» **Source data**
• • •

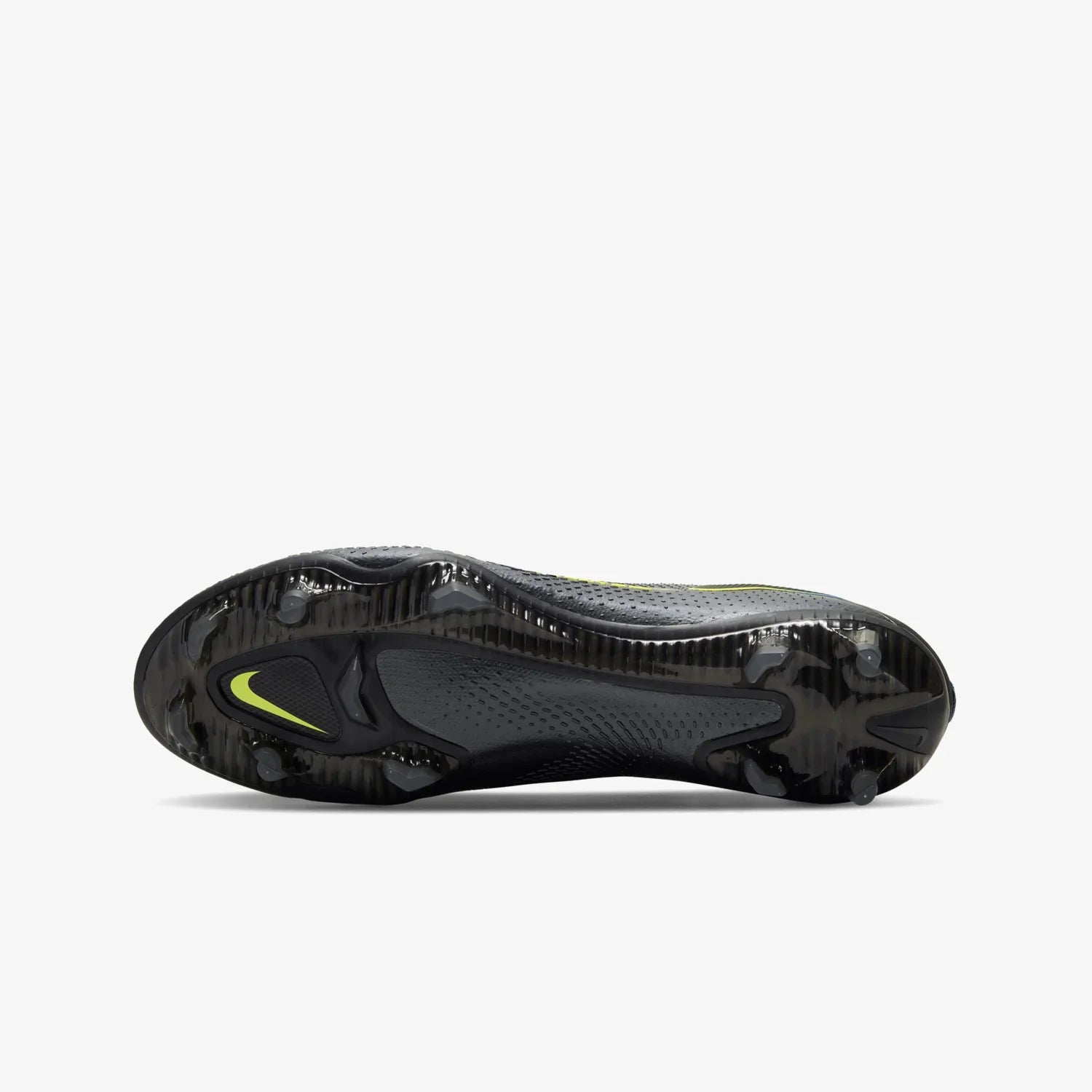 Nike Phantom GT Elite FG Firm Ground Soccer Cleats Black/Blue - Best Buy Soccer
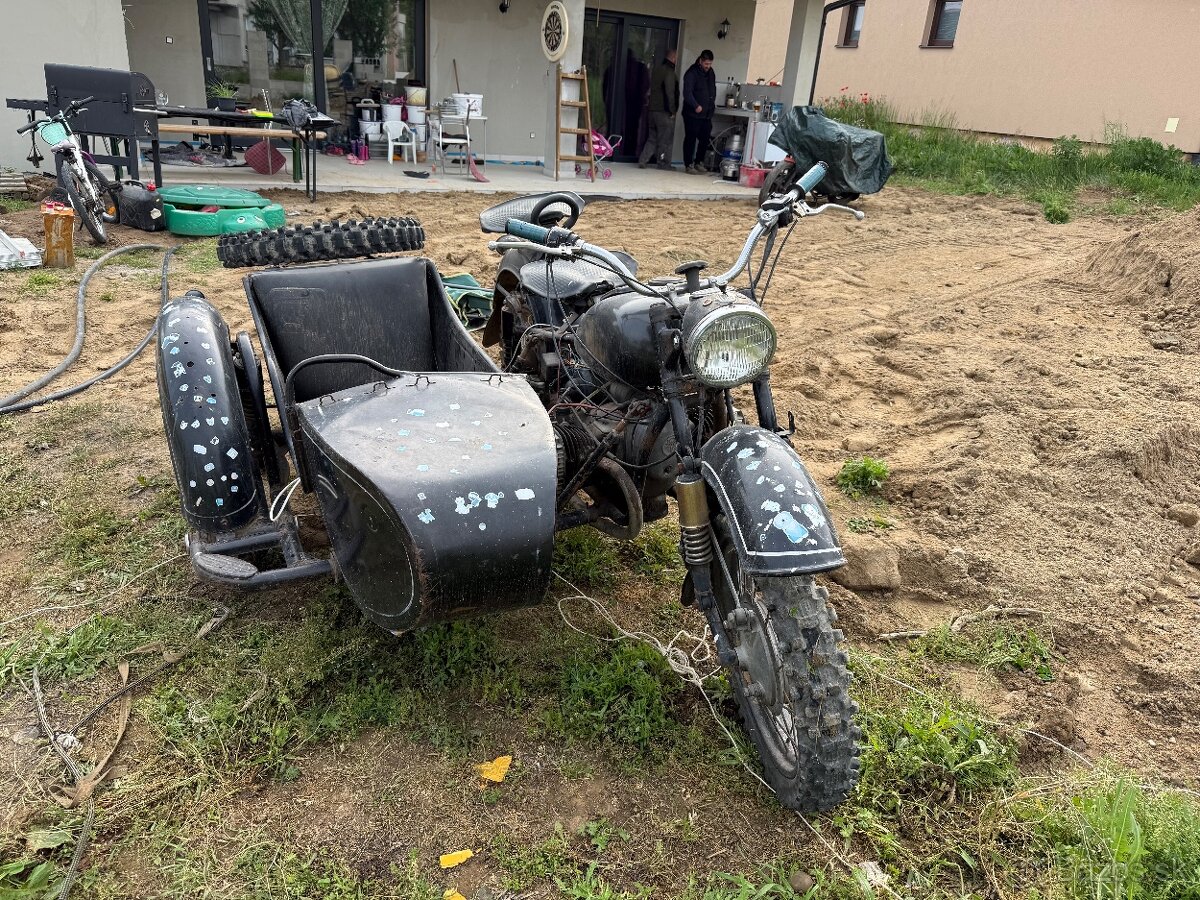 Dnepr K750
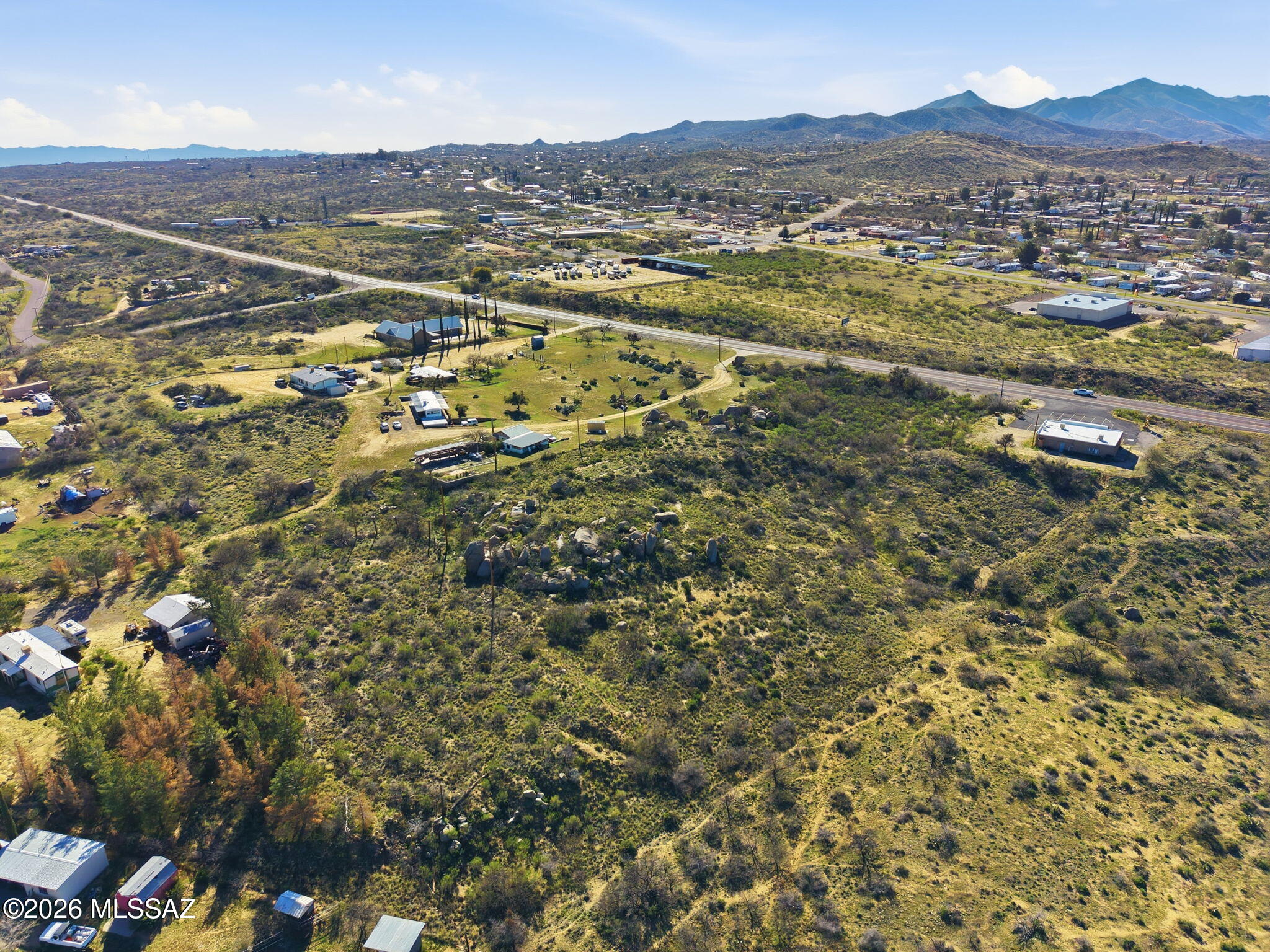 Oracle Ranch Estates I - Land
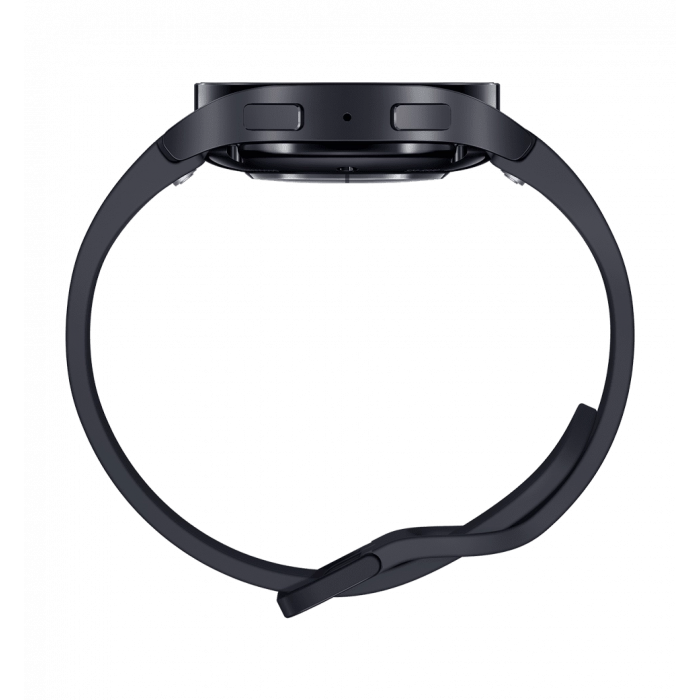 Смарт-годинник Samsung Galaxy Watch6 40mm Graphite (SM-R930NZKASEK)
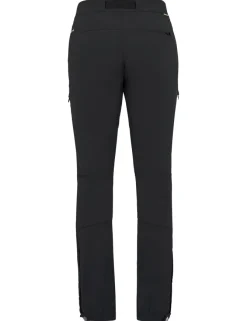 Badile II Softshellhose Damen - black/black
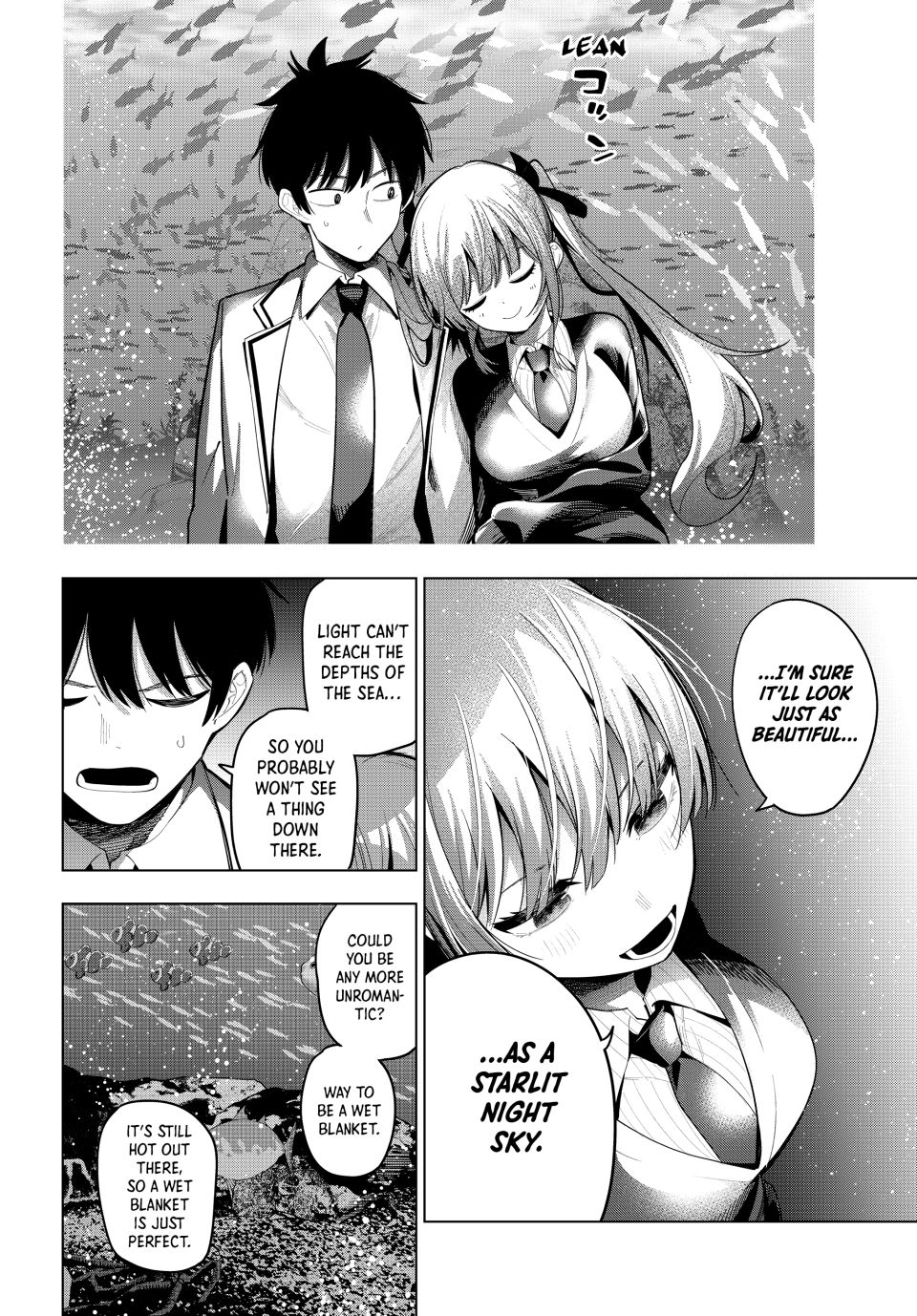 Finding the Girl Behind the Voice Chapter 90 page 14 - Chapter 90
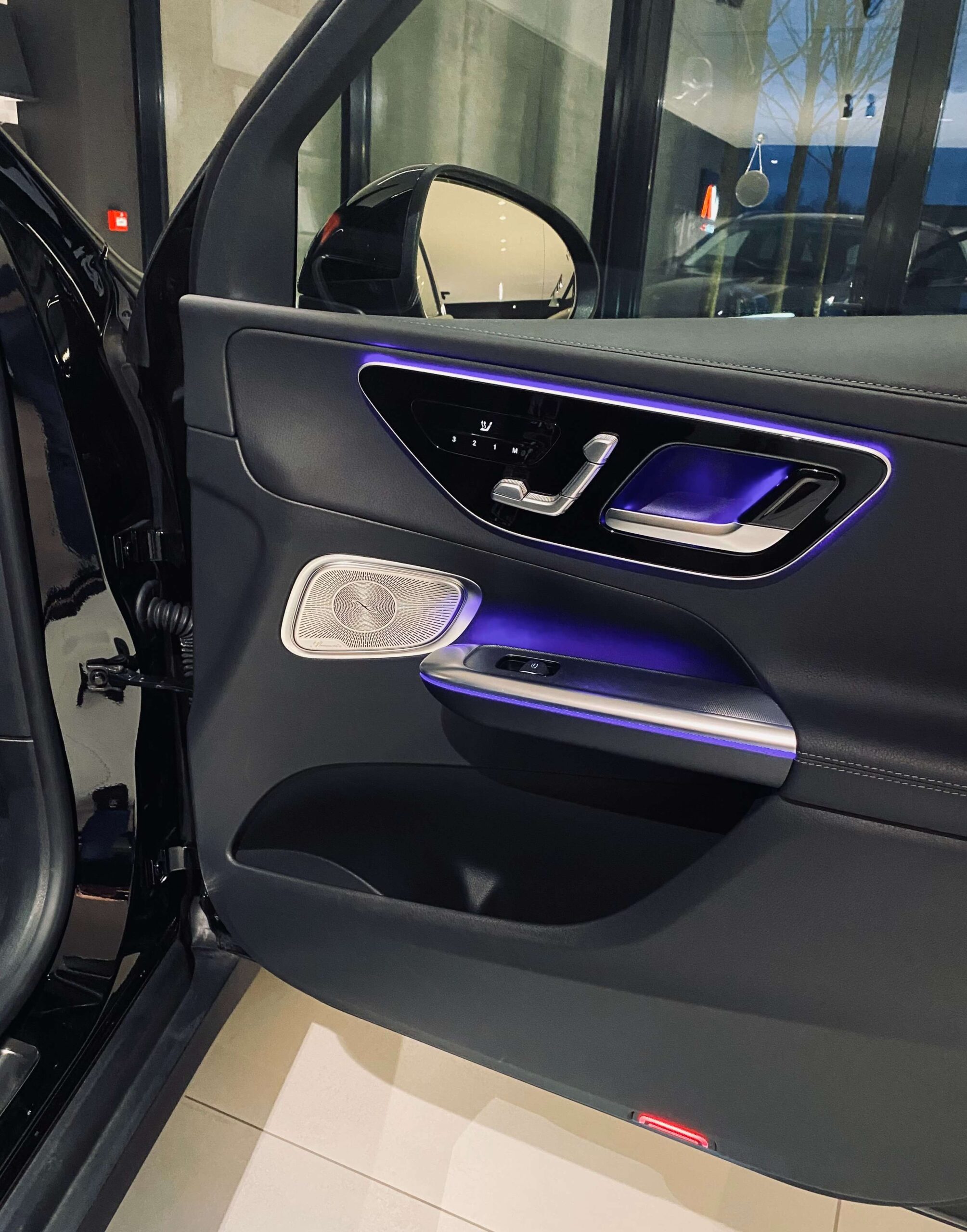 Mercedes-Benz GLC 200 9G 4M AMG NIGHT Distronic/Memory/Leder/Camera/Trek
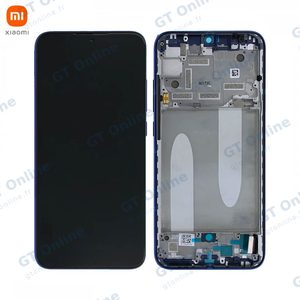 Écran Tactile Original Xiaomi Mi A3 5610100380B6 Bleu Subtil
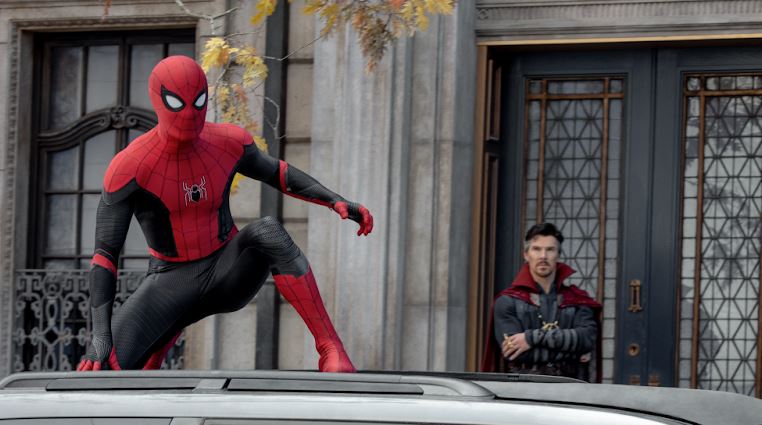 Spider-Man grossed over HK$100 million in Hong Kong
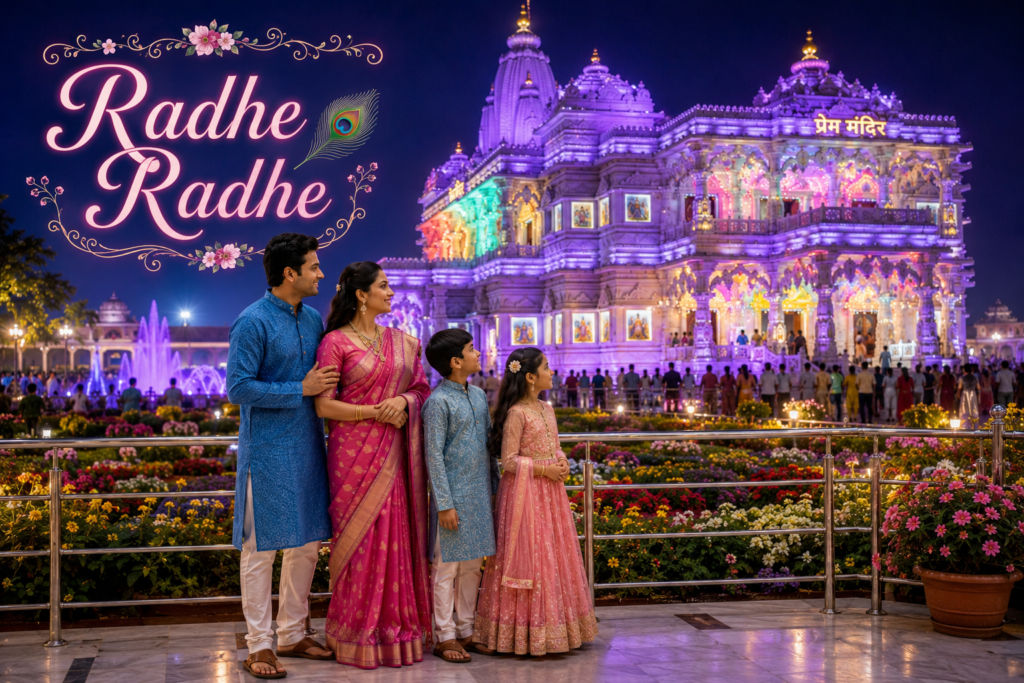  Prem Mandir Ke Liye Outfit Kaise Choose Karein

• • •

» **What is being asked**
Transcribe each line above exactly, pictures excluded.

» **Result**
 Nike Phantom GT Elite FG Firm Ground Soccer Cleats Black/Blue - Best Buy Soccer
 Dnepr K750
 Oracle Ranch Estates I - Land
 Смарт-годинник Samsung Galaxy Watch6 40mm Graphite (SM-R930NZKASEK)
 Badile II Softshellhose Damen - black/black
 Finding the Girl Behind the Voice Chapter 90 page 14 - Chapter 90
 Mercedes-Benz GLC 200 9G 4M AMG NIGHT Distronic/Memory/Leder/Camera/Trek
 Écran Tactile Original Xiaomi Mi A3 5610100380B6 Bleu Subtil
 Spider-Man grossed over HK$100 million in Hong Kong
  Prem Mandir Ke Liye Outfit Kaise Choose Karein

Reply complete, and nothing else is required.